Il faut savoir que chaque ligne non respectée peut coûter cher. Que vous soyez restaurateur indépendant ou gérant d’un hôtel franchisé, rester à jour sur vos obligations sociales n’est plus une option, mais bien une réelle nécessité afin de sécuriser votre activité sur le long-terme. Voici tout ce qu’il faut savoir sur le sujet ! 

 

Recrutement : ce que la loi impose dès le premier salarié

Recruter son tout premier salarié représente une étape majeure dans la vie de n’importe quel établissement HCR, mais c’est aussi un saut dans l’univers strict des obligations sociales françaises. Et attention : dès le premier contrat signé, vous devenez un employeur responsable aux yeux de l’URSSAF, de l’Inspection du travail, de la CPAM … Le moindre manquement peut vous coûter cher. 

 

Déclaration préalable à l’embauche (DPAE)

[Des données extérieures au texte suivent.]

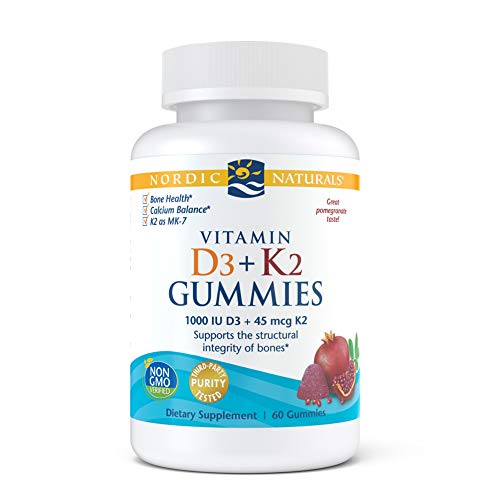 Nordic Naturals Vitamin D3 + K2 Gummies, Pomegranate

C’est la toute première formalité à respecter, et elle est non négociable. La DPAE doit être transmise à l’URSSAF au plus tard dans les 8 jours précédant la prise de poste du salarié. Elle permet de l’affilier à la Sécurité sociale, de déclencher la visite médicale, et de signaler son embauche aux organismes sociaux. Si vous oubliez cette étape ? C’est considéré comme du travail dissimulé. Et les sanctions peuvent monter jusqu’à 45 000 € d’amende et 3 ans de prison. Bref, un oubli qui peut faire très mal.

 

Contrat écrit obligatoire

Dans le secteur HCR, la majorité des contrats sont en CDD ou contrats extra, soumis à des règles strictes. Un CDD sans écrit est automatiquement requalifié en CDI par les tribunaux. Et dans ce cas, bon courage pour expliquer le recours au contrat court. Le contrat doit mentionner le poste, la durée, le motif (saison, accroissement d’activité, remplacement…), la rémunération et le temps de travail. Sans ce cadre, vous perdez tout levier en cas de litige.

 

Vérification du droit au travail

C’est votre obligation de vigilance en tant qu’employeur : vous devez vérifier que votre salarié a le droit de travailler en France. Cela passe par le contrôle du titre de séjour ou du visa pour les étrangers, ou d’un document d’identité valide pour les Français. Vous devez impérativement conserver une copie de ce document dans le dossier du salarié. Si vous ne vérifiez pas, l’administration peut vous accuser d’emploi illégal — et les sanctions peuvent tomber lourdement, surtout en cas de contrôle inopiné.

 

Convention collective HCR : votre socle juridique incontournable

Dans le secteur de l’hôtellerie-restauration, la convention collective HCR (Hôtels, Cafés, Restaurants) est ni plus ni moins que la colonne vertébrale juridique qui encadre toutes vos relations avec vos salariés. Temps de travail, salaires, congés ou encore conditions de rupture, tout y est précisé. Et vous avez l’obligation de l’appliquer si vous êtes concerné. 

 

Quand s’applique la convention collective HCR ?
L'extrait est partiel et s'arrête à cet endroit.